Japan to U.S.: Tighten Beef Product Checks

A Japanese official has demanded that Washington step up its beef quality inspections before allowing designated U.S. meat-processing facilities to ship product to Tokyo.

Toshikatsu Matsuoka, Japan's minister of Agriculture, Forestry and Fisheries, spoke to reporters after his country asked that USDA remove Tyson Foods Inc.'s Lexington, Neb., beef plant from a list of certified beef suppliers to Japan. (See Japan wants Tyson off beef supplier list on Meatingplace.com, March 23, 2007.)

Matsuoka said the U.S. has indicated a willingness to cooperate with his demand for more stringent inspections, according to Kyodo News Service. However, he's awaiting a response to Japan's request to take Tyson off the supplier list.

"We will decide how to deal with this matter after Washington comes back to us with a formal response," Matsuoka said.

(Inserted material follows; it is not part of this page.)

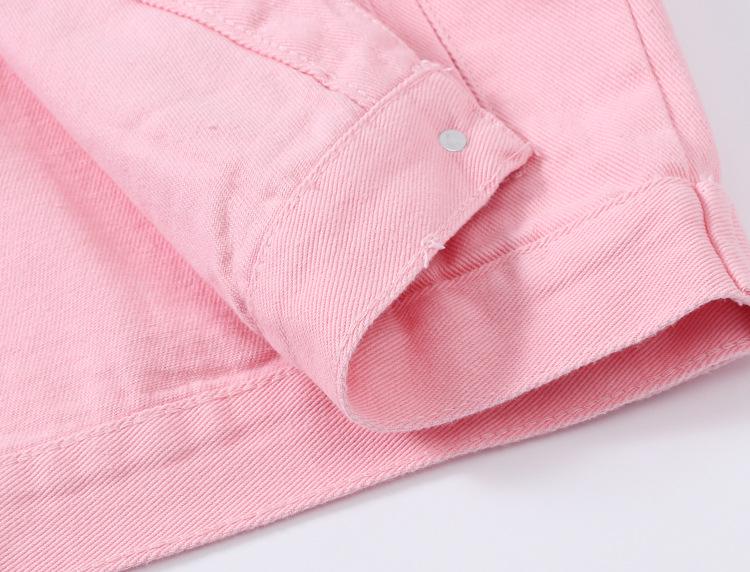 Damen Rosa Frühling Locker Geschnittene Jeansjacke - Kurz, Langärmlig, Übergröße, Lässiger Koreanischer Stil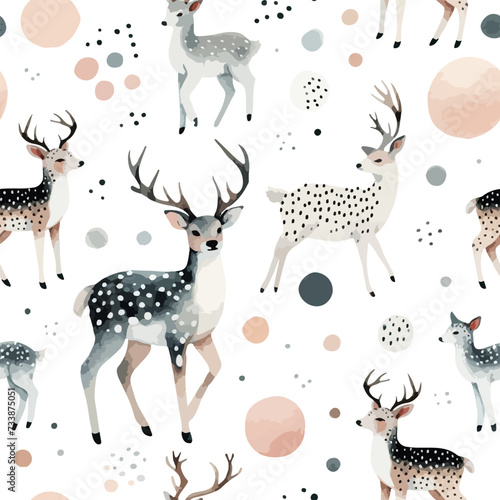 Seamless pattern with cute wild deer. Hand Drawn vector illustration.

By Tom Johnston on Monday, March 26, 2007
 

Kato

Well-known member
15:14:01 EST Mar 20, 2006
TOKYO (CP) - All eight Canadian beef processing plants that export to Japan have been given a clean bill of health by Japanese inspectors, a government statement said Monday.

"Each packer has set down in writing the procedures necessary under the export program, and these procedures are being followed," said the Japanese Health and Agriculture ministries in a statement.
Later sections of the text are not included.